The honkers are usually tailgaters too. Some of these yahoos will crowd you so closely you can smell the beer on their breath.

Doc Sarvis, the brains and bucks behind “The Monkey Wrench Gang,” had a solution to that sort of harassment. The Ukrainians are giving these ancient anticavalry weapons a go, and why not? I bet they work against horses and horses’ asses.

Red vs. white

March keeps pitching its meteorological curveballs.

It just snowed for a solid 10 seconds, so I guess the drought is over.
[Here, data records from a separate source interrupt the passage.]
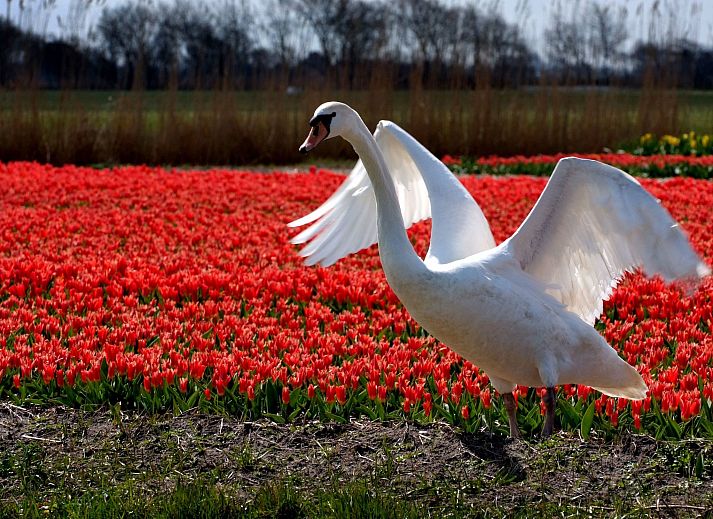 Guest house 4504150 - Holiday property Noordzeekust - Vakantiehuis Ferienbungalow Abbes mit Garten und Terrasse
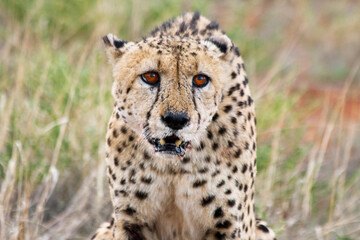 Gepard Close Up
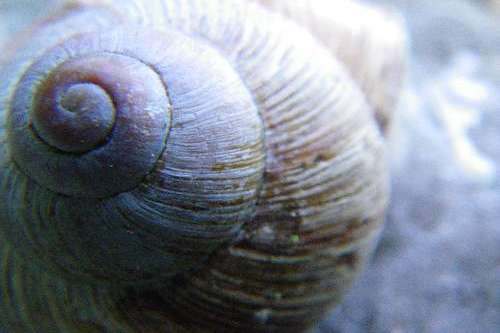 Hypnose zum Abnehmen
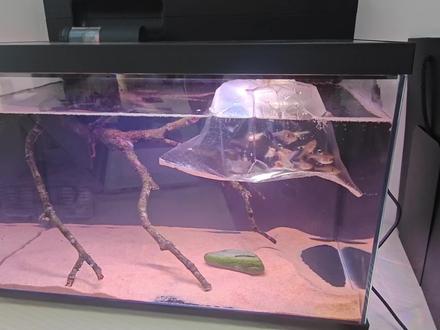 画法几何M1 Ultra鱼缸,开缸第一天#画法几何鱼缸 分享,吐槽#养鱼 #小米鱼缸 #小米 #小米鱼缸改造
画法几何再不加强这个水草灯我真的要劝退!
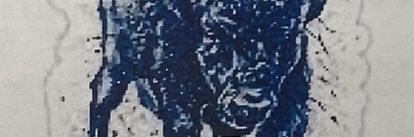 Chris Chitwood banner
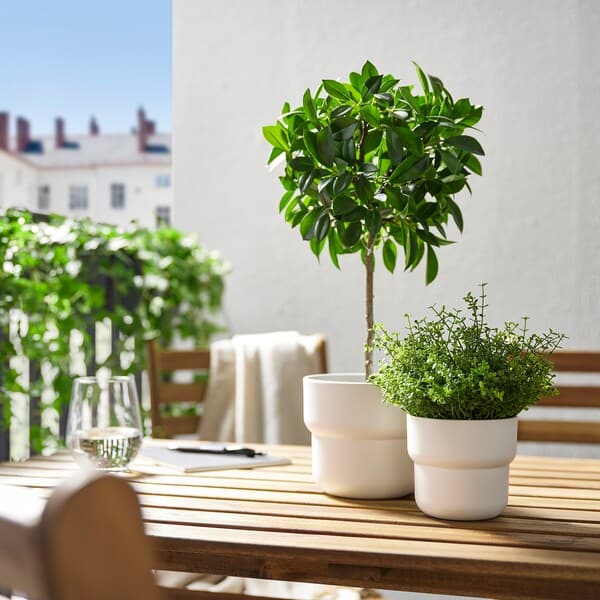 Ikea FEJKA - Artificial potted plant, in/outdoor/Weeping fig stem, 12 cm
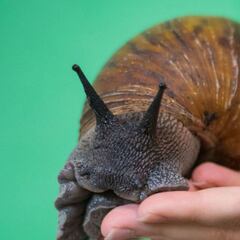 Erradican caracol gigante africano en Florida: ¿Por qué es peligroso?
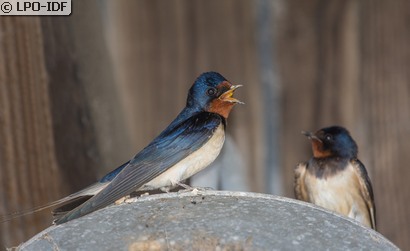 Hirondelle rustique
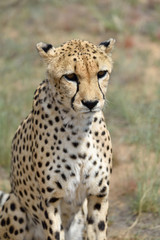 Naklejka na ściany i meble Africa. Namibia. Cheetah
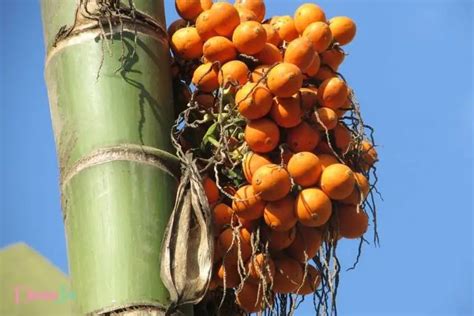 The Significance and Meanings of the Palm Nut in Dreams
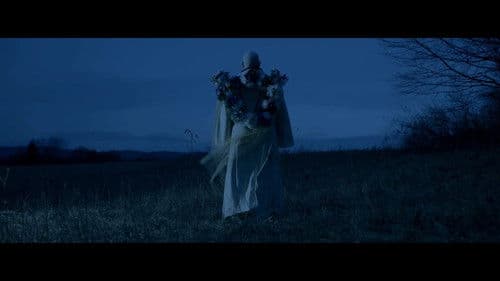 The Blacklight Bild 4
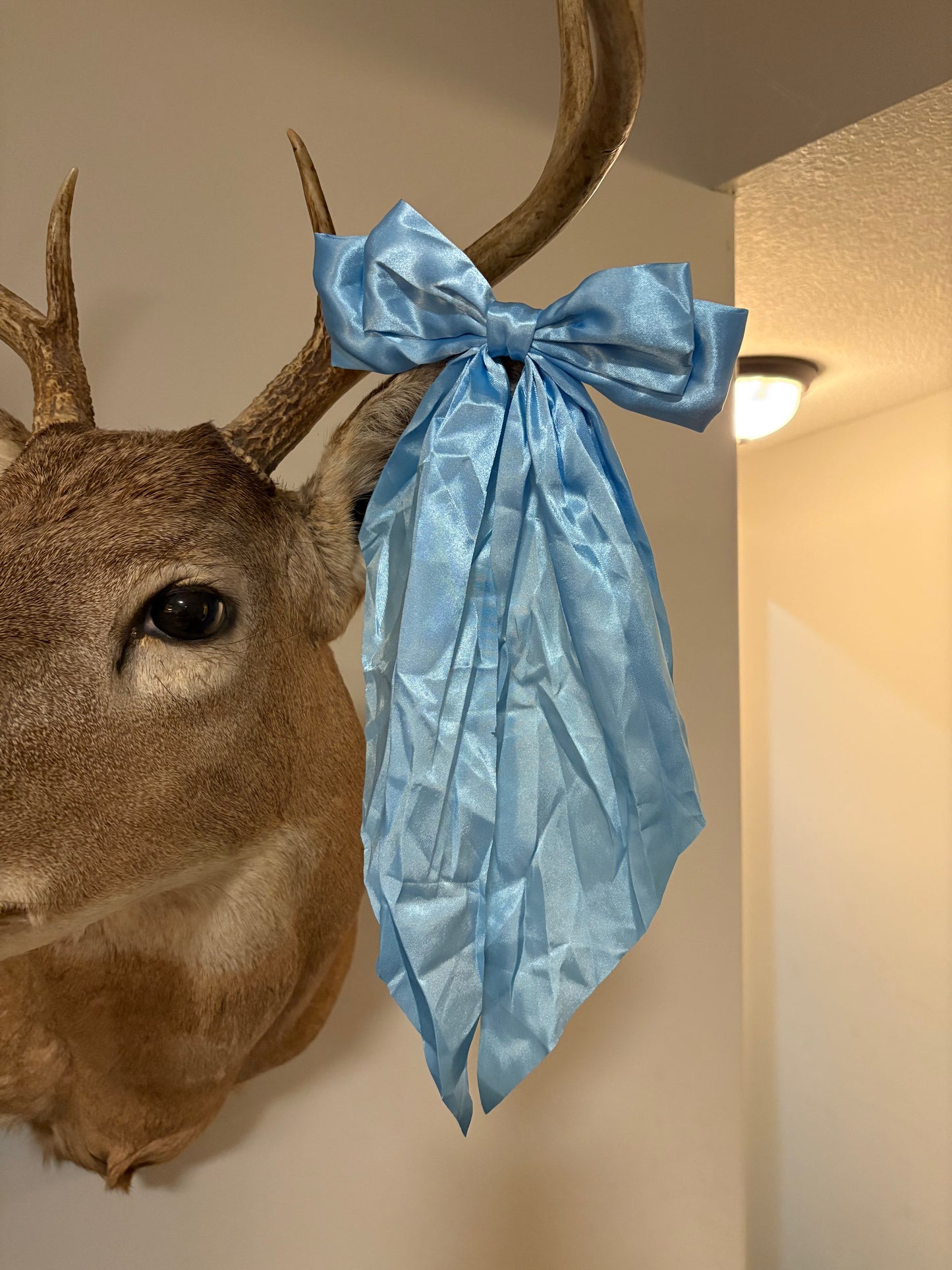 Baby Blue Bow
Whoops — on its thin white heels comes the red-flag warning. Winds of 25-25 mph, with gusts to 55? Ixnay on the inklerspray, hon’; we’d only be steaming the neighbors’ raggedy-ass cottonwood.

What a fine day to not be towing a rented travel trailer, as the neighbors will be doing directly. Even a bicycle will be too high-profile a vehicle for Your Humble Narrator.

Here in a bit I hope to squeeze in a short run. Got to keep the muscle memory alive in case Voldemort Poutaine decides he’d like to add The Duck! City to his collection.

Of course, the old spook might be having second thoughts about property acquisition given his struggles in Ukraine. And if he isn’t, he should be. To paraphrase Rick from “Casablanca,” “There are certain sections of New Mexico that I wouldn’t advise you to try to invade.”

“Boris, is this not where we parked the tank?”

“Da, Mikhail, it was right here. Central and Pennsylvania. Remember the friendly lady behind the In & Out who beckoned to us as we passed? She offered to take us around the world and you said, ‘But we just got here!'”

The dust storm we had on Friday would have reminded their fathers of the good old days in Afghanistan. It looked like one of the haboobs that periodically buggers traffic between Tucson and Phoenix. Blotted out the valley to the west and a slice of the Sandias to the east, redistributing portions of the Upper Chihuahuan Desert without need for tanks, aircraft, or artillery.

I didn’t ride or run Friday. But I got out yesterday for a 90-minute ride, and found myself dealing with another sort of Eurasian invasion — trails clogged with tumbleweeds, also known as (wait for it) the Russian thistle.